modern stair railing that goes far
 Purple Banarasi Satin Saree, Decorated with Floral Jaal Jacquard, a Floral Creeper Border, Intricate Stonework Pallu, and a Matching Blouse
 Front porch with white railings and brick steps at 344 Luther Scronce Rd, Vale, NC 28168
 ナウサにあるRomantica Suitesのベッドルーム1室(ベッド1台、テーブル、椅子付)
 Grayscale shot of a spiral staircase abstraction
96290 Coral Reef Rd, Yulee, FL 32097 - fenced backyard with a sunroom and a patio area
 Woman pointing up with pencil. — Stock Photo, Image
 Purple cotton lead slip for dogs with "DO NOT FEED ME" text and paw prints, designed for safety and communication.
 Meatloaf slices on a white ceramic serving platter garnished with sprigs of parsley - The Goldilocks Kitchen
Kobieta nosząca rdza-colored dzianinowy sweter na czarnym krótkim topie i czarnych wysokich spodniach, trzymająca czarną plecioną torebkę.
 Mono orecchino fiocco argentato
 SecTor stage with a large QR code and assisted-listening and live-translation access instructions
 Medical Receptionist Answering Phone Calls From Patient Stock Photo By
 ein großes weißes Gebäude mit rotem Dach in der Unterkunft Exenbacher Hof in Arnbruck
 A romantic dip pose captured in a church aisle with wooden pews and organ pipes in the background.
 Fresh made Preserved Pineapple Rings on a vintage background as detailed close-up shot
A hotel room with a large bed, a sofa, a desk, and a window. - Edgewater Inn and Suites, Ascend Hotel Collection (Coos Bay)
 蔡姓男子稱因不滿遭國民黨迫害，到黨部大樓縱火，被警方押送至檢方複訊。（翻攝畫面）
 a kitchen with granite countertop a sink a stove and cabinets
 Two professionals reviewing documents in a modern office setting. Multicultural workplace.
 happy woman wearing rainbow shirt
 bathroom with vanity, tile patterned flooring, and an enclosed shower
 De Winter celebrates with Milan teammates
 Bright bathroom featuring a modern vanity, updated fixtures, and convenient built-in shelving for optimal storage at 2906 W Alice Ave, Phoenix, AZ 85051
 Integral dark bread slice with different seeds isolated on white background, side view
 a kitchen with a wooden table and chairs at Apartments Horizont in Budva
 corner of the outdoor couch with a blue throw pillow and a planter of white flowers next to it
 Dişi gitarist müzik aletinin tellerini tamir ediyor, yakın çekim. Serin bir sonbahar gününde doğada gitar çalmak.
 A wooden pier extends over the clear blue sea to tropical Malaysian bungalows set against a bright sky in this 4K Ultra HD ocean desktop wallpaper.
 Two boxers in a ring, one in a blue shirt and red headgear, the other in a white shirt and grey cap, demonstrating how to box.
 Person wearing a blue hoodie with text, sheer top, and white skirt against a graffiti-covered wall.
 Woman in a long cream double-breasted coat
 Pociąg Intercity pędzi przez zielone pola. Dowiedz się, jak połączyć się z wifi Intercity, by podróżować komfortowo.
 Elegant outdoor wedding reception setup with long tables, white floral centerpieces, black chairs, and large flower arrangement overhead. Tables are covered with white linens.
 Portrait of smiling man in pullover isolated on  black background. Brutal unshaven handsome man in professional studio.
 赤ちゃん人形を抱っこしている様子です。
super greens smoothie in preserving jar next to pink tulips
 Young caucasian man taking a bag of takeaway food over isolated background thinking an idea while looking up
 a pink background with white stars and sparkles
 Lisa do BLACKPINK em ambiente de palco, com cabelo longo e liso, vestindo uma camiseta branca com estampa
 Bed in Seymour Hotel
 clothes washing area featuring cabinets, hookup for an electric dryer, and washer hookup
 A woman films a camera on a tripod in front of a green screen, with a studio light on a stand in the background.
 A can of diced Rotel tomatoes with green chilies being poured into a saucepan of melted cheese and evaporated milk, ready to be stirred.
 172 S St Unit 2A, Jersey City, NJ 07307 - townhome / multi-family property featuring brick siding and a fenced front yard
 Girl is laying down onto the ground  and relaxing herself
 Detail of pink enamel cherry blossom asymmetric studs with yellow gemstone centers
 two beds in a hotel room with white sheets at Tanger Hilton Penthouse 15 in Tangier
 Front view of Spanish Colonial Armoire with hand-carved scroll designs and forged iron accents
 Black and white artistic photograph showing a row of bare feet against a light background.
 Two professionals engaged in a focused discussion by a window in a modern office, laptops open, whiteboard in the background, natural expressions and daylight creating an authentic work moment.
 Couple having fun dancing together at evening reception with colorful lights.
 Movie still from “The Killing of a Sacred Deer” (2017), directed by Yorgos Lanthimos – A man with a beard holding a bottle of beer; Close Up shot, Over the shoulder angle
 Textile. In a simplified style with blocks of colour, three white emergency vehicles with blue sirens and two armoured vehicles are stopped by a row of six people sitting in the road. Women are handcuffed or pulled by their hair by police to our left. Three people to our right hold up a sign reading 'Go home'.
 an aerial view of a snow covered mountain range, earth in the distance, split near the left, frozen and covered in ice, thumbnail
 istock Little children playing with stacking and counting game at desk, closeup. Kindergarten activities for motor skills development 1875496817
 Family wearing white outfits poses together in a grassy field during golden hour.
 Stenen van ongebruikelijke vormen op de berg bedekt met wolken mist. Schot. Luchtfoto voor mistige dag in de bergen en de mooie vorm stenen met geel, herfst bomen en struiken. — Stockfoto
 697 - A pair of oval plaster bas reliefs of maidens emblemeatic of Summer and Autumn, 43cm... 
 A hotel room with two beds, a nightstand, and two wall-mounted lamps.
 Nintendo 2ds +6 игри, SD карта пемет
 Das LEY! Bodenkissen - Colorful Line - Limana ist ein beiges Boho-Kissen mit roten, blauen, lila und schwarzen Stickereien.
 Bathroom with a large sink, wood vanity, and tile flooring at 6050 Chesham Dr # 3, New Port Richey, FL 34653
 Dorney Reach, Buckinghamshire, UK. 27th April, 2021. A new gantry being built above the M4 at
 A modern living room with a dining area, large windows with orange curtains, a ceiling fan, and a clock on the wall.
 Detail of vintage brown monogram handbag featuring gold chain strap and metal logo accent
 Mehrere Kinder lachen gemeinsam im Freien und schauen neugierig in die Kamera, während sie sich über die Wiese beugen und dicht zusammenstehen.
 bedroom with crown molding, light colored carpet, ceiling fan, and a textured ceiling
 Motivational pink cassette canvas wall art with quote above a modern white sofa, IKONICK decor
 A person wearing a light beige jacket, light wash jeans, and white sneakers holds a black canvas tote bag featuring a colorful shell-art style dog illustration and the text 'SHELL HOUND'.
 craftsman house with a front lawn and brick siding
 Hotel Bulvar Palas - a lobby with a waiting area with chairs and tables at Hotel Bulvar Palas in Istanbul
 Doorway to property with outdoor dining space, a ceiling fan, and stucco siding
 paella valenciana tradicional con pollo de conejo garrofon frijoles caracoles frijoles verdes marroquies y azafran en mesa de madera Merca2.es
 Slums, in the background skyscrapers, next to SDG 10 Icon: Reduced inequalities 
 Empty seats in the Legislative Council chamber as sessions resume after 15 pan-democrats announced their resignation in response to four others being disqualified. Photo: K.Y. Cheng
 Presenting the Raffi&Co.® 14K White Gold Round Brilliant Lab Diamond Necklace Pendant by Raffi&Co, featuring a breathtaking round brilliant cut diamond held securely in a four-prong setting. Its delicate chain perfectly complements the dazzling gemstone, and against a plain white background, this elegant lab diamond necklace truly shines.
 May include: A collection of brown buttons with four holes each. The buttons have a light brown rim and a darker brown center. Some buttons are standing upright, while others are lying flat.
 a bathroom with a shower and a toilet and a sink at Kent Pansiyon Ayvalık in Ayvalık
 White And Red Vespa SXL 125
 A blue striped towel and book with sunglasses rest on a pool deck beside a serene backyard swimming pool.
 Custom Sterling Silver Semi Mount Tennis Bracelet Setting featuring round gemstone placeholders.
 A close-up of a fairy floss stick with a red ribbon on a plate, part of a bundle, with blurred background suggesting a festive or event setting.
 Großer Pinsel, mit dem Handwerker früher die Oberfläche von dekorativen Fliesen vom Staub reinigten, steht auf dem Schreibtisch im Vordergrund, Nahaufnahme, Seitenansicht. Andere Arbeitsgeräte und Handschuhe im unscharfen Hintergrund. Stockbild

# # # # #

Work required = Working from the material above, restate word for word the lines between the line with "A hotel room with two" and the line with "Empty seats in", both included, and only those.

Expected output =
 A hotel room with two beds, a nightstand, and two wall-mounted lamps.
 Nintendo 2ds +6 игри, SD карта пемет
 Das LEY! Bodenkissen - Colorful Line - Limana ist ein beiges Boho-Kissen mit roten, blauen, lila und schwarzen Stickereien.
 Bathroom with a large sink, wood vanity, and tile flooring at 6050 Chesham Dr # 3, New Port Richey, FL 34653
 Dorney Reach, Buckinghamshire, UK. 27th April, 2021. A new gantry being built above the M4 at
 A modern living room with a dining area, large windows with orange curtains, a ceiling fan, and a clock on the wall.
 Detail of vintage brown monogram handbag featuring gold chain strap and metal logo accent
 Mehrere Kinder lachen gemeinsam im Freien und schauen neugierig in die Kamera, während sie sich über die Wiese beugen und dicht zusammenstehen.
 bedroom with crown molding, light colored carpet, ceiling fan, and a textured ceiling
 Motivational pink cassette canvas wall art with quote above a modern white sofa, IKONICK decor
 A person wearing a light beige jacket, light wash jeans, and white sneakers holds a black canvas tote bag featuring a colorful shell-art style dog illustration and the text 'SHELL HOUND'.
 craftsman house with a front lawn and brick siding
 Hotel Bulvar Palas - a lobby with a waiting area with chairs and tables at Hotel Bulvar Palas in Istanbul
 Doorway to property with outdoor dining space, a ceiling fan, and stucco siding
 paella valenciana tradicional con pollo de conejo garrofon frijoles caracoles frijoles verdes marroquies y azafran en mesa de madera Merca2.es
 Slums, in the background skyscrapers, next to SDG 10 Icon: Reduced inequalities 
 Empty seats in the Legislative Council chamber as sessions resume after 15 pan-democrats announced their resignation in response to four others being disqualified. Photo: K.Y. Cheng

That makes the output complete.